Richardson extrapolation for the iterated Galerkin solution of Urysohn integral equations with Green's kernels

TL;DR

This paper applies Richardson extrapolation to the iterated Galerkin method for solving Urysohn integral equations with Green's kernels, enhancing convergence order and providing theoretical and numerical validation.

Contribution

It introduces a novel application of Richardson extrapolation to improve the convergence of the iterated Galerkin method for Urysohn integral equations with Green's kernels.

Findings

Convergence order is improved using Richardson extrapolation.

Asymptotic expansion at partition points is derived.

Numerical example confirms theoretical improvements.

Abstract

We consider a Urysohn integral operator $\mathcal{K}$ with kernel of the type of Green's function.
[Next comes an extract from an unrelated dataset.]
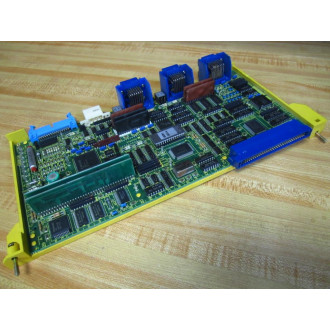 Fanuc A16B-2200-0124 Board A16B-2200-012405C - Used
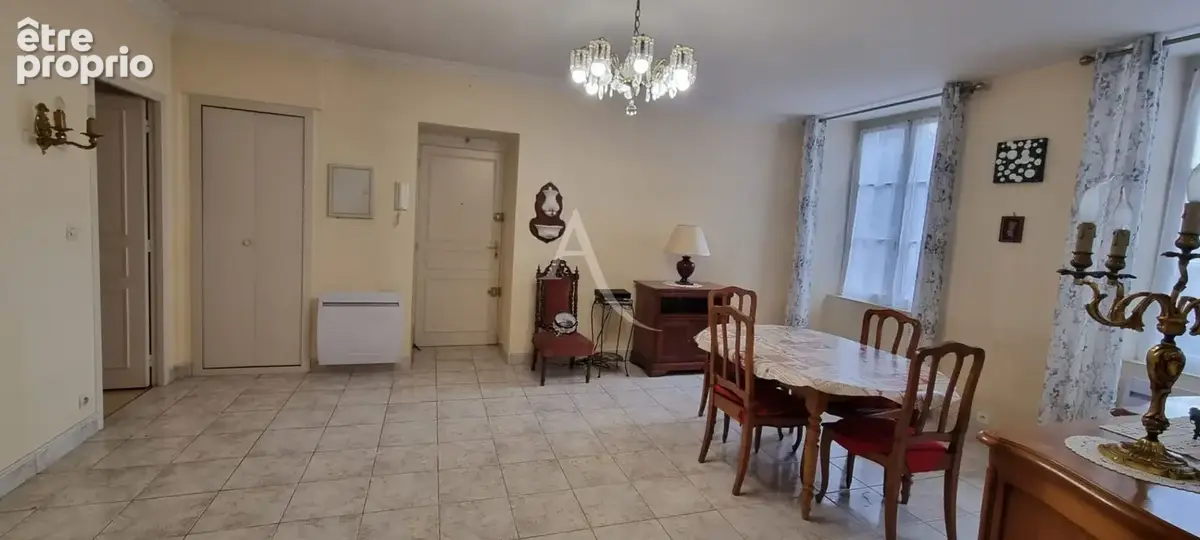 Appartement blois de 73.87 m2 avec terrasse /patio et garage - photo 7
For $r \geq 1$, a space of piecewise polynomials of degree $\leq r-1 $ with respect to a uniform partition is chosen to be the approximating space and the projection is chosen to be the orthogonal projection. Iterated Galerkin method is applied to the integral equation $x - \mathcal{K}(x) = f$. It is known that the order of convergence of the iterated Galerkin solution is $r+2$ and, at the above partition points it is $2r$. We obtain an asymptotic expansion of the iterated Galerkin solution at the partition points of the above Urysohn integral equation. Richardson extrapolation is used to improve the order of convergence. A numerical example is considered to illustrate our theoretical results.